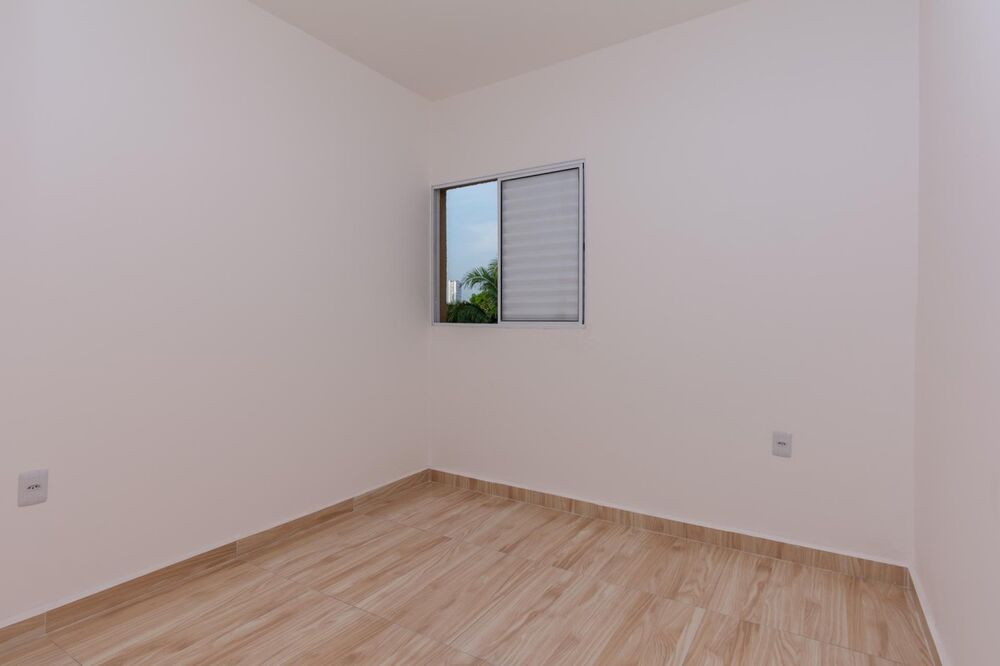 Apartamento, 2 quartos, 33 m² - Foto 13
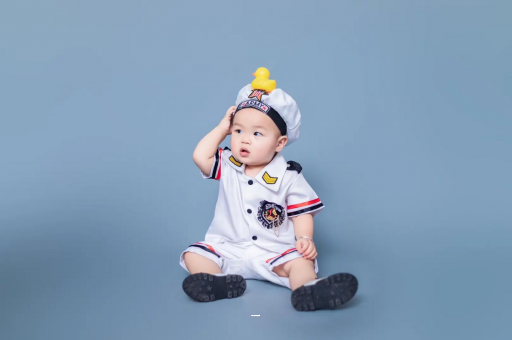 鄂尔多斯为什么孕妇容易生气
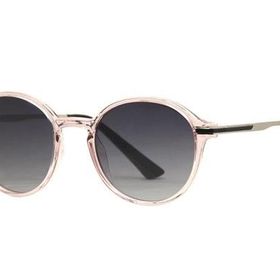 Tomy Timy TT2050 11SS 48 Polarize Kadın Güneş Gözlüğü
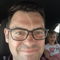 Remote Azure logic apps architect - Freddy L.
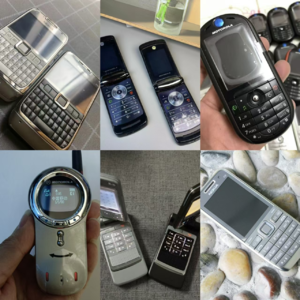 你喜欢大屏还是小屏手机?便携小屏旗舰手机回归市场,放弃曲面屏是未来的大势所趋?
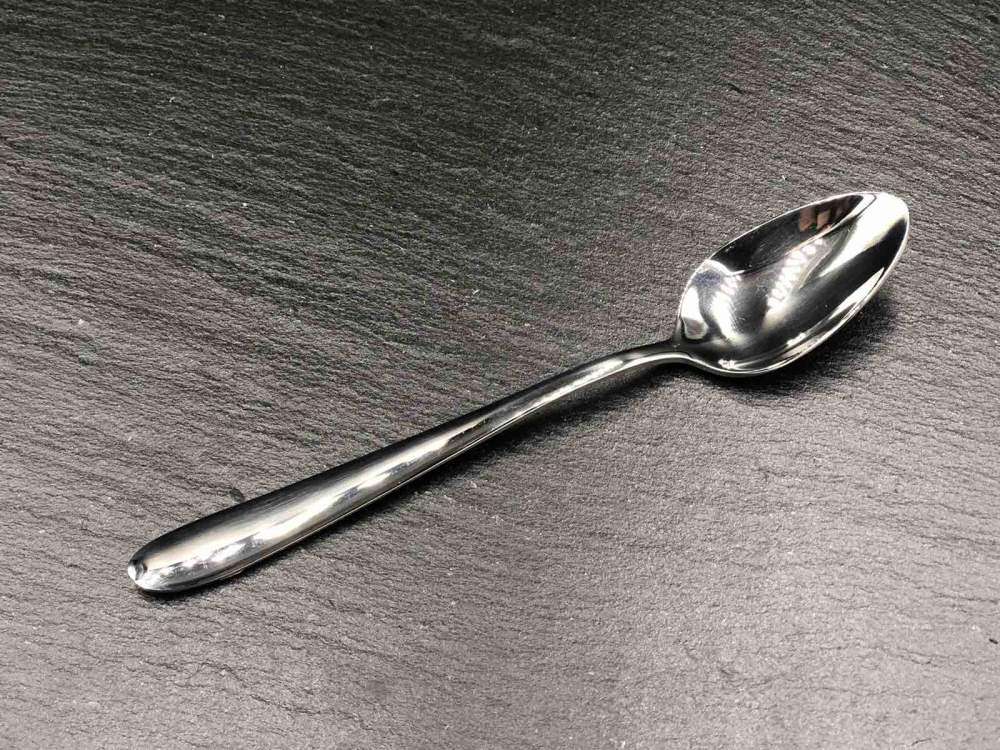 Столовая ложка Pintinox Palladium 05900001  - Фото 2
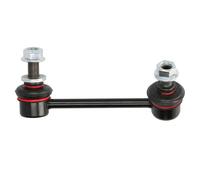 Asta/puntone, stabilizzatore TRW JTS1785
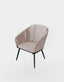 Royalcraft Chairs Bali Chair - Set of 4 House of Isabella UK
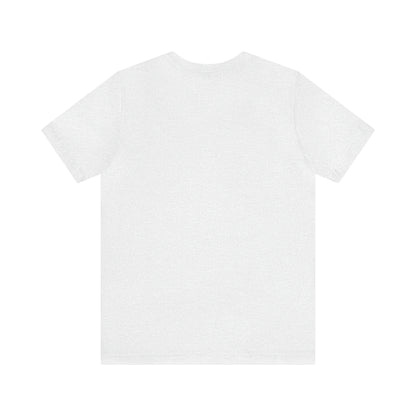 Merry Christmas T-Shirt Unisex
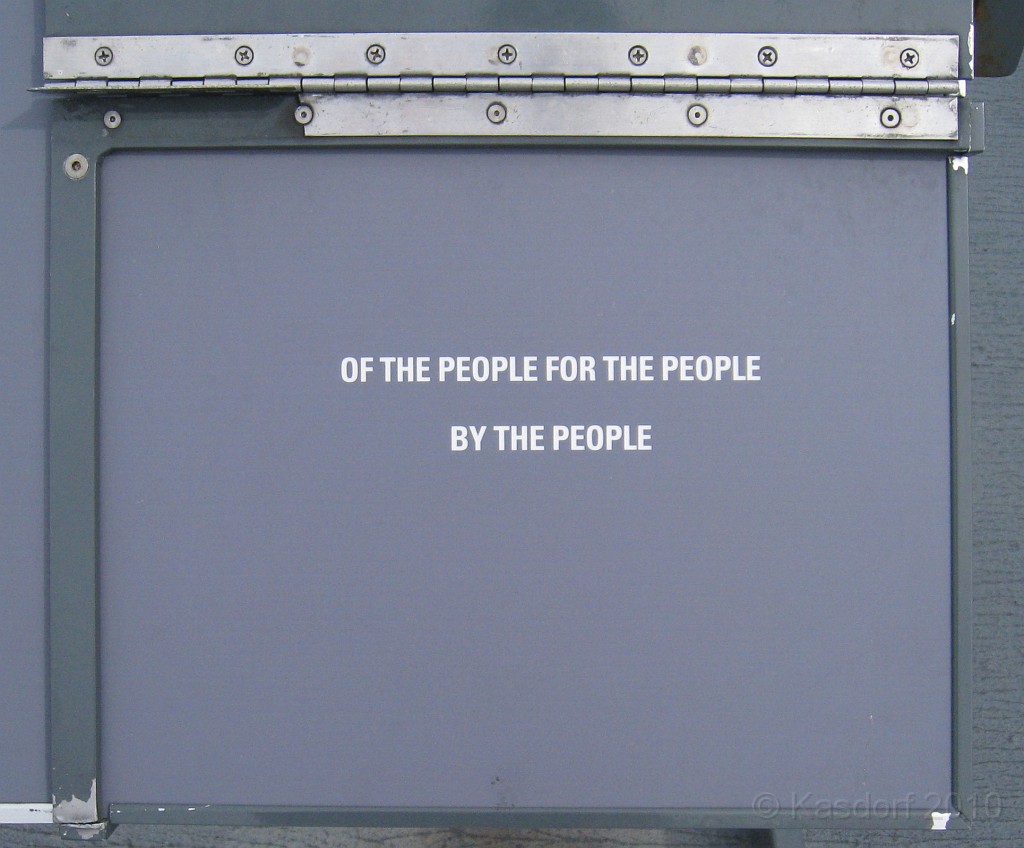 San Diego California 2010-02 1571.jpg - A trip to San Diego California February 2010. Balboa Park museums and the aircraft carrier Midway.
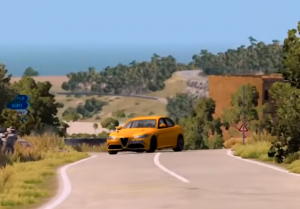 alfa.png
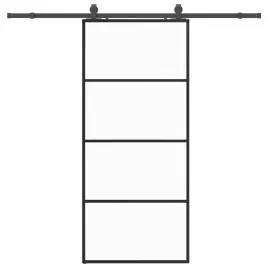 drzwi-przesuwne-z-zestawem-okuc-czarne-90x205-cm-esg-szklo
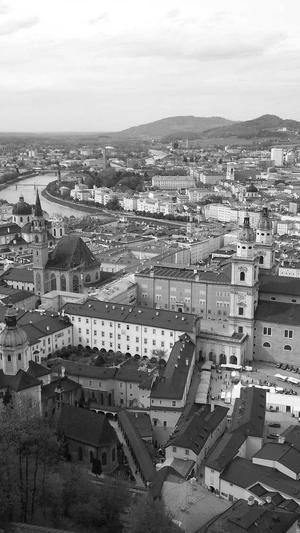 SEO宣传推广截图4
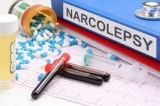 Managing Narcolepsy: Effective Strategies and Treatment Options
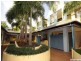 Balmoral QLD 4171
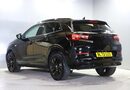 Vauxhall Grandland 1.2 Turbo GS Line 5dr 4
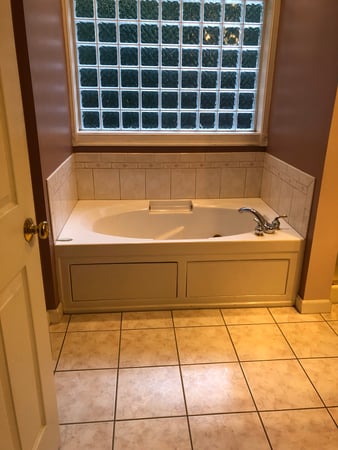 Images Stephenson Painting and Remodeling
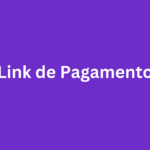 Link de Pagamento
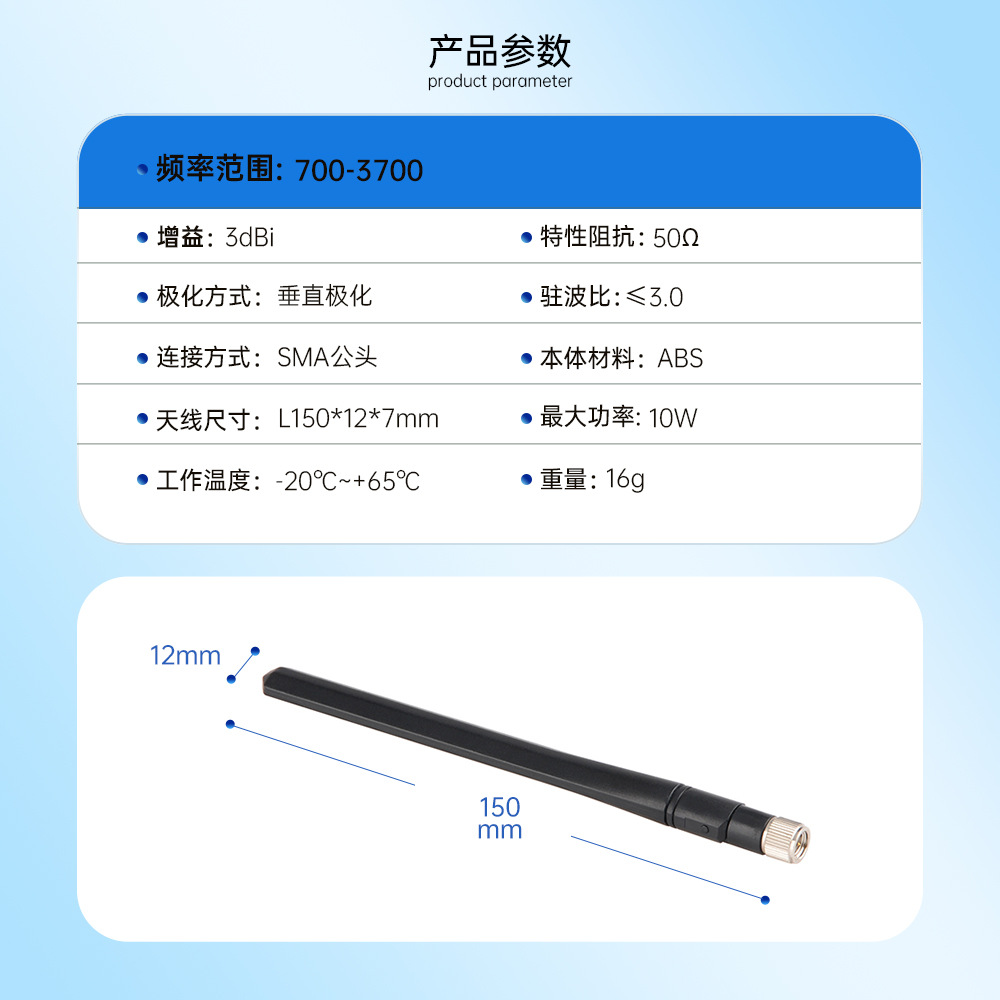 4GLTE�۵���������GSM����������5G����WIFI 2.4G·����ģ�� ����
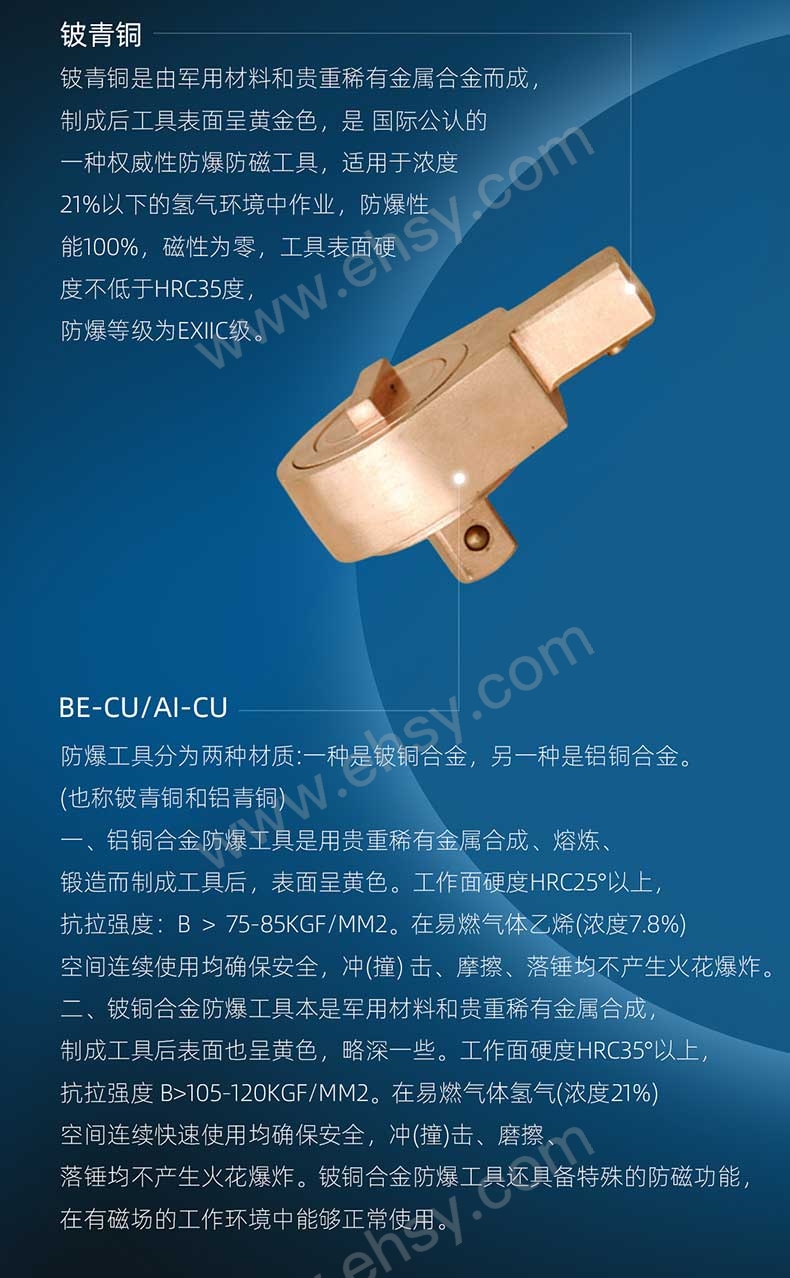 RTBW1583~RTBW1584防爆棘轮插头，铍青铜_05.jpg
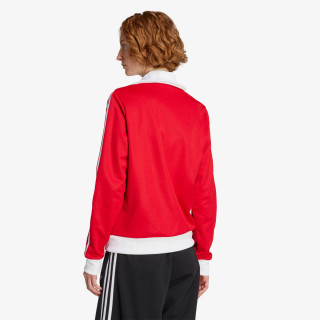 adidas Дуксер CLASSIC TT 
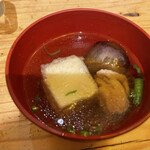 どまん中 赤坂店的實拍圖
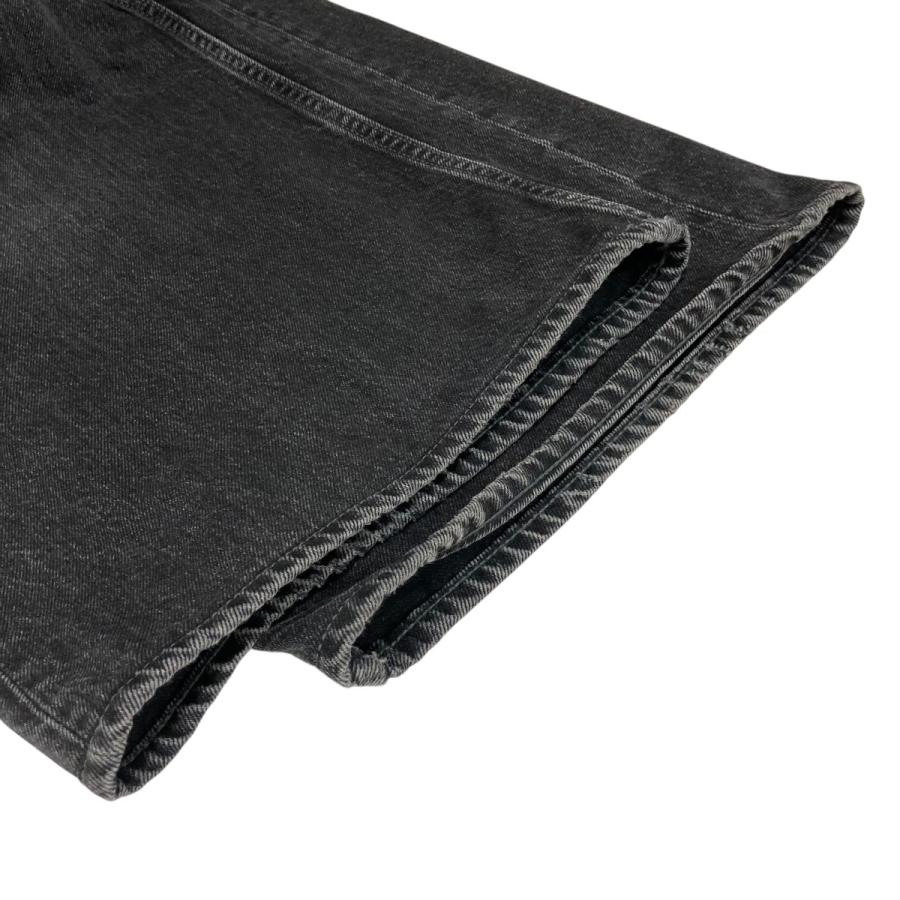 Acne Studios（アクネ ストゥディオズ） 【値下げ】ACNE STUDIOS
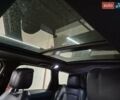 Синій Ленд Ровер Range Rover Sport, об'ємом двигуна 2.99 л та пробігом 171 тис. км за 43500 $, фото 22 на Automoto.ua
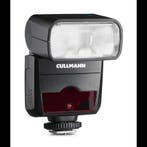 Cullmann CUlight FR36P Flitser voor Pentax (8931) Statief, Nieuw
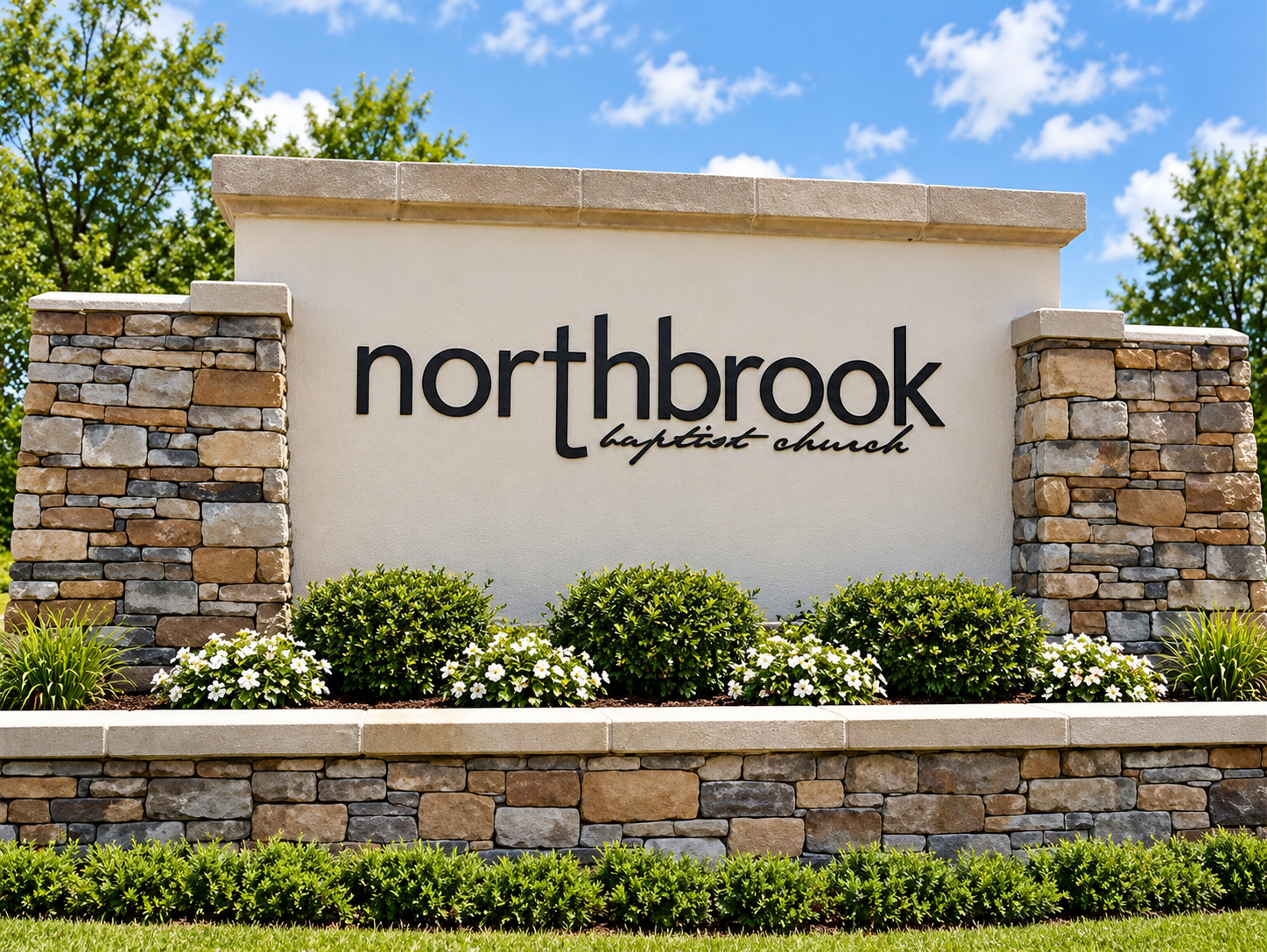 Northbrook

☆ ☆ ☆

### Task prompt
A precise repetition of every entry, free of pictures, is the expected answer.

### Your solution
 Apartamento, 2 quartos, 33 m² - Foto 13
 鄂尔多斯为什么孕妇容易生气
 Tomy Timy TT2050 11SS 48 Polarize Kadın Güneş Gözlüğü
 Remote Azure logic apps architect - Freddy L.
 你喜欢大屏还是小屏手机?便携小屏旗舰手机回归市场,放弃曲面屏是未来的大势所趋?
 Столовая ложка Pintinox Palladium 05900001  - Фото 2
 Asta/puntone, stabilizzatore TRW JTS1785
 Royalcraft Chairs Bali Chair - Set of 4 House of Isabella UK
 Merry Christmas T-Shirt Unisex
 San Diego California 2010-02 1571.jpg - A trip to San Diego California February 2010. Balboa Park museums and the aircraft carrier Midway.
 alfa.png
 drzwi-przesuwne-z-zestawem-okuc-czarne-90x205-cm-esg-szklo
 SEO宣传推广截图4
 Managing Narcolepsy: Effective Strategies and Treatment Options
 Balmoral QLD 4171
 Vauxhall Grandland 1.2 Turbo GS Line 5dr 4
 Images Stephenson Painting and Remodeling
 Link de Pagamento
 4GLTE�۵���������GSM����������5G����WIFI 2.4G·����ģ�� ����
 RTBW1583~RTBW1584防爆棘轮插头，铍青铜_05.jpg
 adidas Дуксер CLASSIC TT 
 どまん中 赤坂店的實拍圖
 Acne Studios（アクネ ストゥディオズ） 【値下げ】ACNE STUDIOS
 Синій Ленд Ровер Range Rover Sport, об'ємом двигуна 2.99 л та пробігом 171 тис. км за 43500 $, фото 22 на Automoto.ua
 Cullmann CUlight FR36P Flitser voor Pentax (8931) Statief, Nieuw
 Northbrook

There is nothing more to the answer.